Remember that the lender must receive the payoff amount in full before the loan officer can sign over the title to the buyer. If you have positive equity in the vehicle, the lender will write you a check for the difference. If you have negative equity, then you’ll have to give the lender the difference out of pocket before the representative will sign over the title to your buyer.
Trading in a Car with an Existing Loan
A dealer trade-in is a relatively easy transaction compared to a private-party sale. If your trade-in vehicle is worth more than the loan payoff amount, the difference will be credited toward the price of the new vehicle. If your payoff amount is more than the trade-in vehicle’s value, the dealer will add the difference into your new vehicle loan.
Alternatives To Selling Your Car
If you’re not sure whether selling your car is the right choice for you, there are some other options to consider.
Talk With Your Lender
Your lender holds the title to your vehicle, so they should be your first point of contact. They want to see the outcome of this transaction come out smoothly for you as their customer, as well as for themselves as the lienholder on the vehicle. Your lender can help you get your payoff amount, navigate the steps to sell to a private party or see the interest rate you qualify for if you decide to trade for a new or used vehicle.
Refinance Your Loan
By talking with your lender first, you might decide that your best course of action is to keep your current vehicle and refinance your loan instead of selling the car. Depending on your credit, refinancing might get you a lower interest rate—which could save you money on your monthly payments and potentially help you pay off your loan faster.

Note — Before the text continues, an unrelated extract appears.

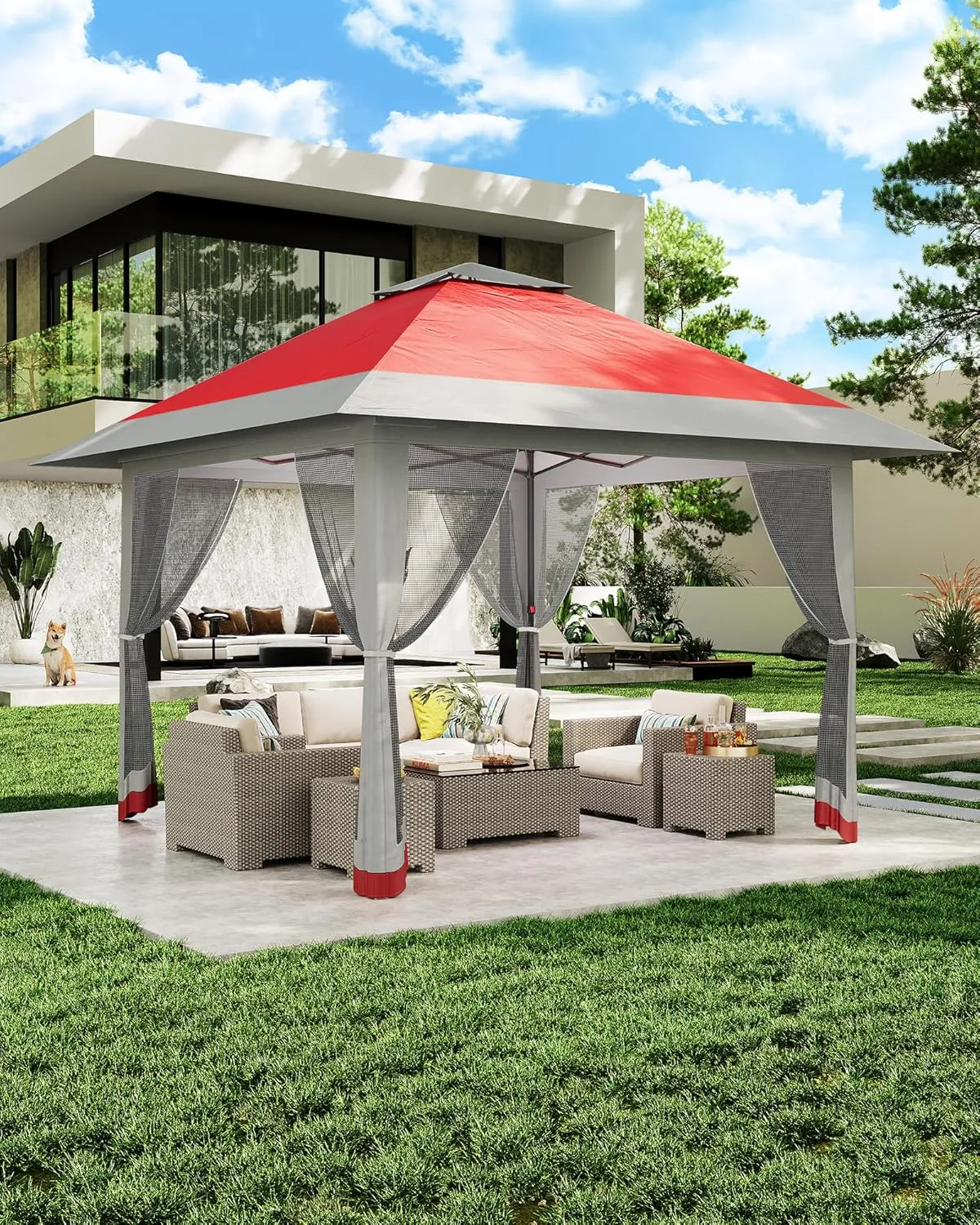 13x13ft Pop Up Gazebo, Outdoor Canopy Tent with Mosquito Netting, Heavy Duty Party Tent Shelter with Waterproof and Ultraviolet Double Roof for Backyard, Garden, Lawn and Deck (Red Gray)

Or you might opt to extend your repayment term to get a smaller monthly payment. Just keep in mind that if you choose a longer term, you’ll pay more in interest over the life of the loan.
Tap into Your Savings
If you have a sizable savings account and want to avoid taking on more debt, you might consider paying off your car loan with your extra cash. However, make sure you have enough emergency savings after paying off your car loan to cover any unexpected expenses.